=== Begin Enclosure ===

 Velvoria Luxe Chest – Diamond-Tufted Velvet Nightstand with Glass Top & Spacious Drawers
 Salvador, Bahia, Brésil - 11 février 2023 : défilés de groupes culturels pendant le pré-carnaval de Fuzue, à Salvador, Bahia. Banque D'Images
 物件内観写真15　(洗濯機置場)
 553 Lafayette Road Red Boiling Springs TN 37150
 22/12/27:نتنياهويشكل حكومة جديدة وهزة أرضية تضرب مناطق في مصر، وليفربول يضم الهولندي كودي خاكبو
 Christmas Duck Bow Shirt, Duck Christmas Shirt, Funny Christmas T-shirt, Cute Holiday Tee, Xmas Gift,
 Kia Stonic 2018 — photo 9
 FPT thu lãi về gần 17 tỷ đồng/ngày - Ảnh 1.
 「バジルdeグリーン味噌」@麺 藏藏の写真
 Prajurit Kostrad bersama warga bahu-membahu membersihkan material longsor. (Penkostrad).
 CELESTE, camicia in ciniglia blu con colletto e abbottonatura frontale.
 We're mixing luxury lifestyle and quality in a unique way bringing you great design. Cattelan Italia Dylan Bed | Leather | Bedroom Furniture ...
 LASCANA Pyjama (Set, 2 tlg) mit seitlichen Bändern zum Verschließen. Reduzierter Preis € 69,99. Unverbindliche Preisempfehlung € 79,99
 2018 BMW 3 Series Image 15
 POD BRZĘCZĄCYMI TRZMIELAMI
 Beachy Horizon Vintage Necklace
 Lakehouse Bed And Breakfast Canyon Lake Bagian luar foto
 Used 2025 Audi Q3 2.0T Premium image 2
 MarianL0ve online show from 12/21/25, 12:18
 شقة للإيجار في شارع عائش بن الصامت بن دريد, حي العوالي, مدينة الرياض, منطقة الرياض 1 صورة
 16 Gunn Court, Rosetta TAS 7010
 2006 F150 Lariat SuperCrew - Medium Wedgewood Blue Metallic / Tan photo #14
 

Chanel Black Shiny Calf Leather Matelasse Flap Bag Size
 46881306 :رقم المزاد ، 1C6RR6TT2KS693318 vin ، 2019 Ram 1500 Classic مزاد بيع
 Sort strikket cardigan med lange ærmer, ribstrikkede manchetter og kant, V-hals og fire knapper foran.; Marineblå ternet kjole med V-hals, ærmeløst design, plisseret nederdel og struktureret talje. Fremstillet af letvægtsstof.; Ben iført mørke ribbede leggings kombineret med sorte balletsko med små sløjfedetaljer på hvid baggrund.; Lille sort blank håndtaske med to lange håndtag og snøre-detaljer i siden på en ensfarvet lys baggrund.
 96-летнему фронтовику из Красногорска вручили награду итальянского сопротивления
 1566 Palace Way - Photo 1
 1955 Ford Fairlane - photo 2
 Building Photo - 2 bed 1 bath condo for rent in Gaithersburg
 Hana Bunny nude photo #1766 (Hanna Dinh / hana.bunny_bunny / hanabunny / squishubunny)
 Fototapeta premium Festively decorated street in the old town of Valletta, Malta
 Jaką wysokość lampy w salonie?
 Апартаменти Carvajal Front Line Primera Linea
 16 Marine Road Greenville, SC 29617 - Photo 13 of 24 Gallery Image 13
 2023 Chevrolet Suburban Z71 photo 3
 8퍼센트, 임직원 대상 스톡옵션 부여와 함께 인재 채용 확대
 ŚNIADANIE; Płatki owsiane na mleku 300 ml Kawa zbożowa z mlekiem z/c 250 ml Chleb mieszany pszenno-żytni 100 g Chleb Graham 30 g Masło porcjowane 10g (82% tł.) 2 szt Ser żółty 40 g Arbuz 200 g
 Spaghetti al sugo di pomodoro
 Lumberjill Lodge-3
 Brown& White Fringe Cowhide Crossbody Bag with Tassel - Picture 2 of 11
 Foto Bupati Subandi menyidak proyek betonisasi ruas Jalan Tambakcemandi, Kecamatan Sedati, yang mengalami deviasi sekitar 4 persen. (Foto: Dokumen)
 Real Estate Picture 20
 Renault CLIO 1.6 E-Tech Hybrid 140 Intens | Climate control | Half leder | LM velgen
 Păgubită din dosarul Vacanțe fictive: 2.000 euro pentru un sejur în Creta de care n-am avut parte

=== End Enclosure ===

**Task details**
Copy every entry exactly.

**The answer**
 Velvoria Luxe Chest – Diamond-Tufted Velvet Nightstand with Glass Top & Spacious Drawers
 Salvador, Bahia, Brésil - 11 février 2023 : défilés de groupes culturels pendant le pré-carnaval de Fuzue, à Salvador, Bahia. Banque D'Images
 物件内観写真15　(洗濯機置場)
 553 Lafayette Road Red Boiling Springs TN 37150
 22/12/27:نتنياهويشكل حكومة جديدة وهزة أرضية تضرب مناطق في مصر، وليفربول يضم الهولندي كودي خاكبو
 Christmas Duck Bow Shirt, Duck Christmas Shirt, Funny Christmas T-shirt, Cute Holiday Tee, Xmas Gift,
 Kia Stonic 2018 — photo 9
 FPT thu lãi về gần 17 tỷ đồng/ngày - Ảnh 1.
 「バジルdeグリーン味噌」@麺 藏藏の写真
 Prajurit Kostrad bersama warga bahu-membahu membersihkan material longsor. (Penkostrad).
 CELESTE, camicia in ciniglia blu con colletto e abbottonatura frontale.
 We're mixing luxury lifestyle and quality in a unique way bringing you great design. Cattelan Italia Dylan Bed | Leather | Bedroom Furniture ...
 LASCANA Pyjama (Set, 2 tlg) mit seitlichen Bändern zum Verschließen. Reduzierter Preis € 69,99. Unverbindliche Preisempfehlung € 79,99
 2018 BMW 3 Series Image 15
 POD BRZĘCZĄCYMI TRZMIELAMI
 Beachy Horizon Vintage Necklace
 Lakehouse Bed And Breakfast Canyon Lake Bagian luar foto
 Used 2025 Audi Q3 2.0T Premium image 2
 MarianL0ve online show from 12/21/25, 12:18
 شقة للإيجار في شارع عائش بن الصامت بن دريد, حي العوالي, مدينة الرياض, منطقة الرياض 1 صورة
 16 Gunn Court, Rosetta TAS 7010
 2006 F150 Lariat SuperCrew - Medium Wedgewood Blue Metallic / Tan photo #14
 

Chanel Black Shiny Calf Leather Matelasse Flap Bag Size
 46881306 :رقم المزاد ، 1C6RR6TT2KS693318 vin ، 2019 Ram 1500 Classic مزاد بيع
 Sort strikket cardigan med lange ærmer, ribstrikkede manchetter og kant, V-hals og fire knapper foran.; Marineblå ternet kjole med V-hals, ærmeløst design, plisseret nederdel og struktureret talje. Fremstillet af letvægtsstof.; Ben iført mørke ribbede leggings kombineret med sorte balletsko med små sløjfedetaljer på hvid baggrund.; Lille sort blank håndtaske med to lange håndtag og snøre-detaljer i siden på en ensfarvet lys baggrund.
 96-летнему фронтовику из Красногорска вручили награду итальянского сопротивления
 1566 Palace Way - Photo 1
 1955 Ford Fairlane - photo 2
 Building Photo - 2 bed 1 bath condo for rent in Gaithersburg
 Hana Bunny nude photo #1766 (Hanna Dinh / hana.bunny_bunny / hanabunny / squishubunny)
 Fototapeta premium Festively decorated street in the old town of Valletta, Malta
 Jaką wysokość lampy w salonie?
 Апартаменти Carvajal Front Line Primera Linea
 16 Marine Road Greenville, SC 29617 - Photo 13 of 24 Gallery Image 13
 2023 Chevrolet Suburban Z71 photo 3
 8퍼센트, 임직원 대상 스톡옵션 부여와 함께 인재 채용 확대
 ŚNIADANIE; Płatki owsiane na mleku 300 ml Kawa zbożowa z mlekiem z/c 250 ml Chleb mieszany pszenno-żytni 100 g Chleb Graham 30 g Masło porcjowane 10g (82% tł.) 2 szt Ser żółty 40 g Arbuz 200 g
 Spaghetti al sugo di pomodoro
 Lumberjill Lodge-3
 Brown& White Fringe Cowhide Crossbody Bag with Tassel - Picture 2 of 11
 Foto Bupati Subandi menyidak proyek betonisasi ruas Jalan Tambakcemandi, Kecamatan Sedati, yang mengalami deviasi sekitar 4 persen. (Foto: Dokumen)
 Real Estate Picture 20
 Renault CLIO 1.6 E-Tech Hybrid 140 Intens | Climate control | Half leder | LM velgen
 Păgubită din dosarul Vacanțe fictive: 2.000 euro pentru un sejur în Creta de care n-am avut parte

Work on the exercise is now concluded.